(Dataset content)

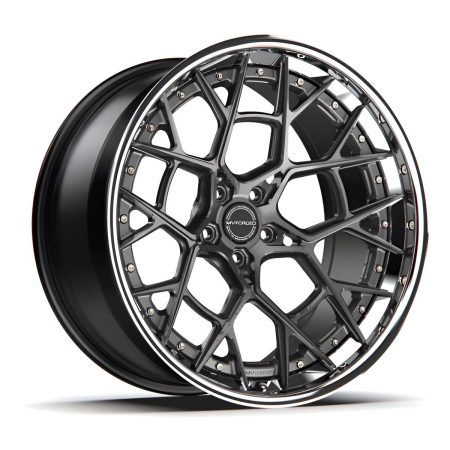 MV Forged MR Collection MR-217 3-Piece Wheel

(End Dataset content)
(Dataset content)

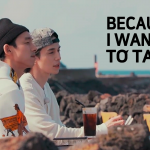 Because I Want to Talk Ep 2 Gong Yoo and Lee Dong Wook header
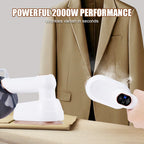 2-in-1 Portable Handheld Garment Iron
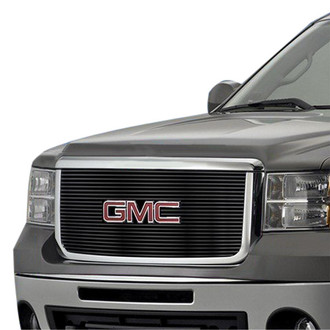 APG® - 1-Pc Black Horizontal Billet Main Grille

(End Dataset content)
(Dataset content)

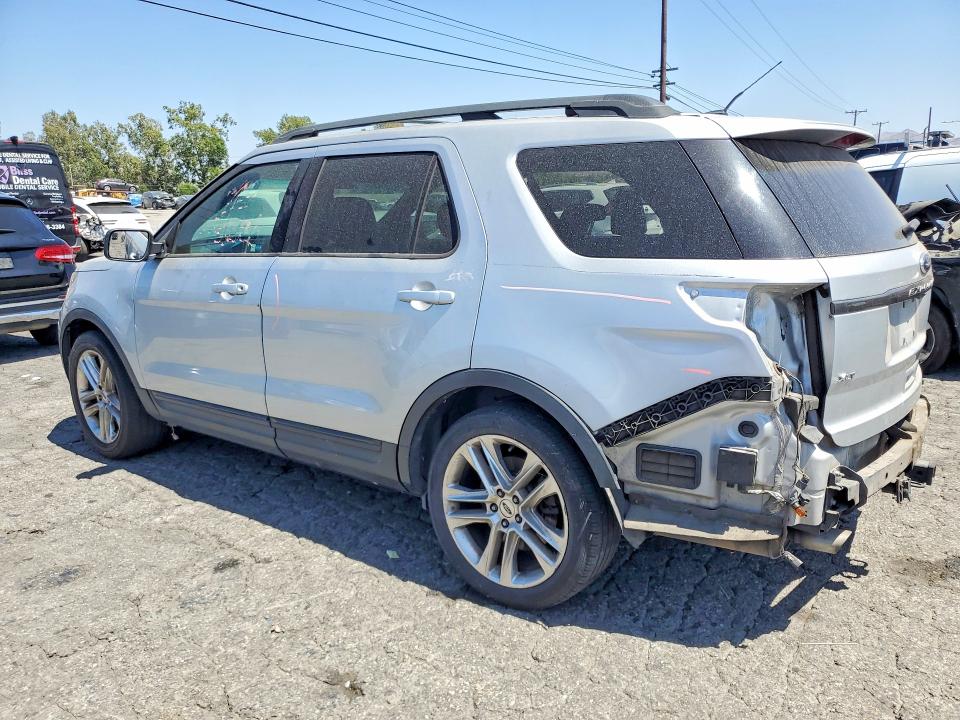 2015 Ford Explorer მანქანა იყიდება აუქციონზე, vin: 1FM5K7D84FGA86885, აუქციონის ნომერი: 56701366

(End Dataset content)

→ Task item
The lines to reproduce run from the one above containing "2-in-1 Portable Handheld Garment Iron" through the one containing "APG® - 1-Pc". Copy them exactly and leave out all pictures.

→ Output for this task
 2-in-1 Portable Handheld Garment Iron
 APG® - 1-Pc Black Horizontal Billet Main Grille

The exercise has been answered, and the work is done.